Impact sur les entreprises et leurs fournisseurs : le spectre des défaillances
L'inflation et ses effets redistributifs ont également fragilisé de nombreuses entreprises. En France, les défaillances d'entreprises atteignent des niveaux records, inédits depuis 2008. Pour Denis Di Vito, ce phénomène, bien que préoccupant, n'est pas nécessairement négatif. « La bonne approche est de développer une gestion proactive des relations fournisseurs, avec une approche différenciée selon leur importance stratégique. Il faut accompagner les fournisseurs critiques tout en exigeant une juste redistribution de la valeur. Mais il est aussi essentiel d'accepter que certaines défaillances surviennent pour permettre à des acteurs plus performants de prendre le relais », souligne Denis Di Vito.
L'enjeu ESG relégué au second plan ?
Sans surprise, les exigences croissantes de reporting extra-financier, imposées notamment par la directive européenne CSRD (Corporate Sustainability Reporting Directive), rencontrent des résistances. Avec les tensions économiques, les entreprises semblent redonner la priorité à leur performance économique au détriment des engagements environnementaux. « La viabilité de cette triple performance (économique, sociale et environnementale) demeure incertaine, alors que les directions d'achat peinent à intégrer ces impératifs sans sacrifier leur compétitivité », observe Denis Di Vito. Autre signe des temps à souligner et non des moindres, le rétropédalage sur le sujet du droit de vigilance. La France fait ainsi volte face par sa demande de report indéfini de la directive sur le devoir de vigilance qui oblibe les grands groupes à respecter les droits environnementaux et sociaux. La CS3D est reportée à une date inconnue, voire annulée totalement. Et c'était le coeur de la réglementation à venir.

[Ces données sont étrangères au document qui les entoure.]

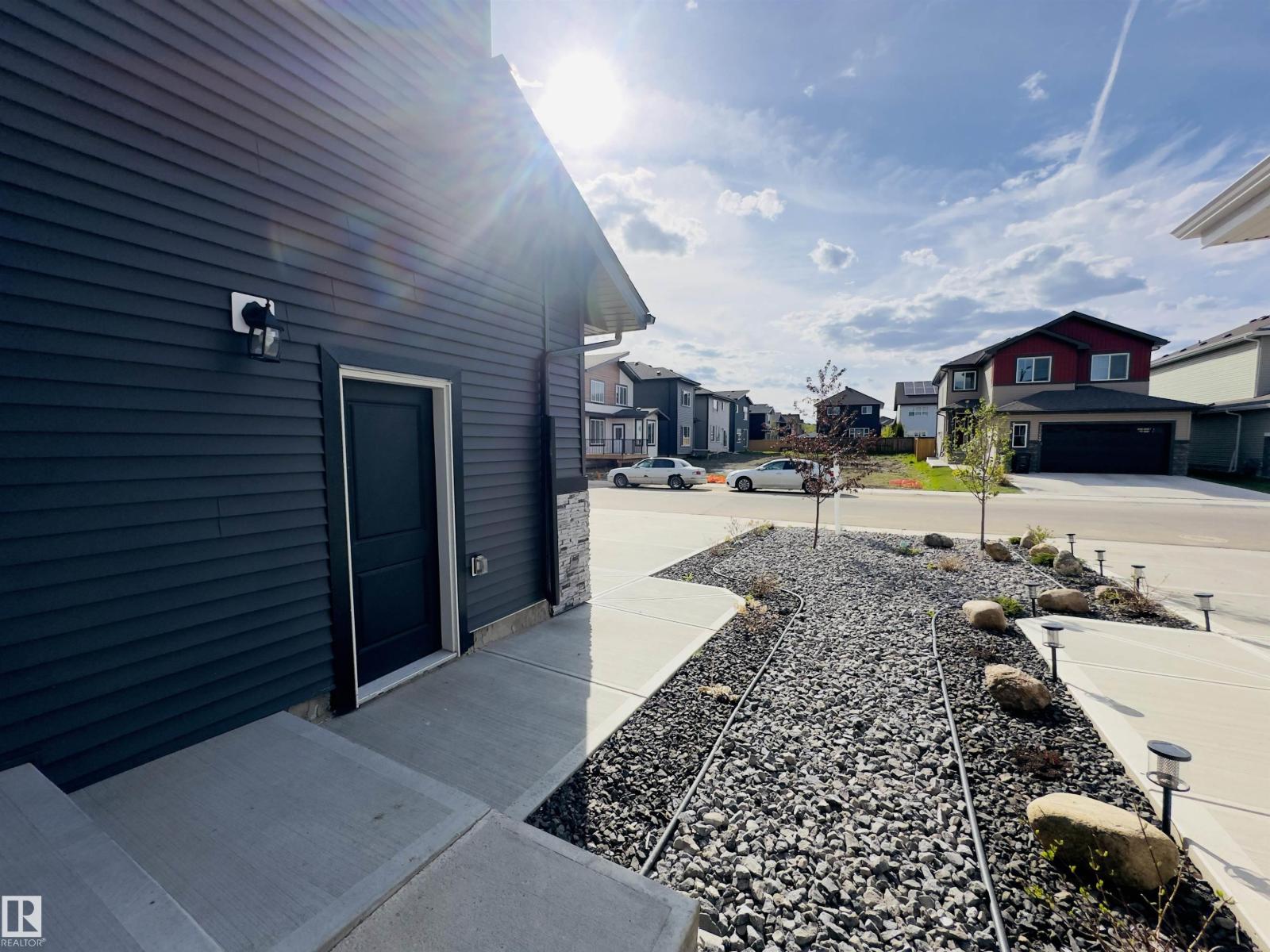17315 68 ST NW - 16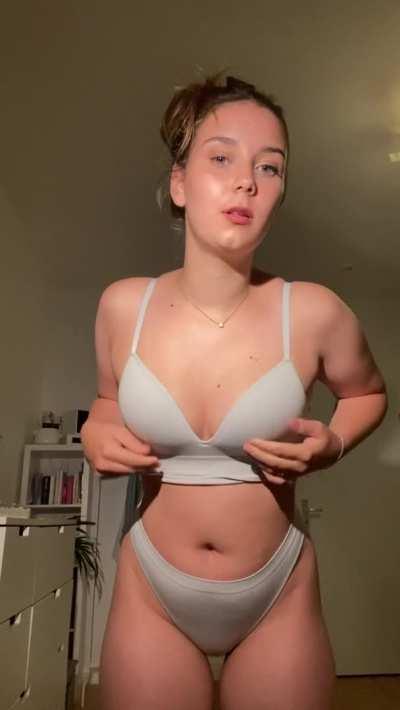 Hi to the same 4 guys who see me stripping half naked 🥰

Dit autrement, "les efforts en matière de durabilité resteront portés par : les entreprises aux normes éthiques élevées, la sensibilité des consommateurs envers les marques durables, la pression exercée par les ONG sur les entreprises. Les achats doivent poursuivre leurs efforts pour favoriser des chaînes de valeur amont durables", anticipe Denis Di Vito.

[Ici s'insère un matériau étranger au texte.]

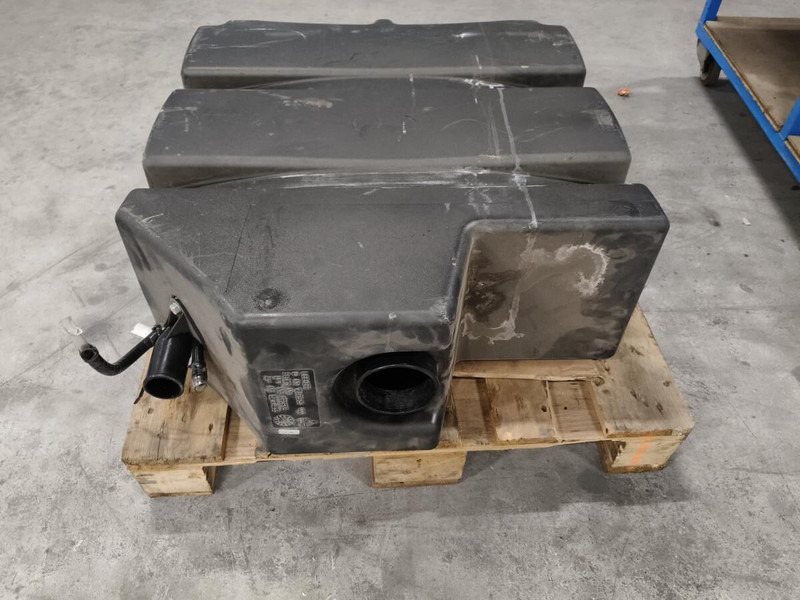 Liebherr R926 COMP / R926 K-LC - Глушитель/ Выхлопная система: фото 2 Liebherr R926 COMP / R926 K-LC - Глушитель/ Выхлопная система: фото 2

Vers une redistribution forcée ?
Alors que les prix peinent à refluer malgré des coûts en baisse, la redistribution de la valeur devient un enjeu central. « La pression sur les industriels pour partager ces marges pourrait croître, portée par des négociations commerciales plus musclées et un regain d'attention sur la justice économique », décrypte Denis Di Vito. L'année achats 2025 sera bien rythmée à l'aune du tryptique équilibre économique, durabilité et diplomatie commerciale pour éviter une fragmentation excessive des chaînes de valeur et une polarisation des intérêts.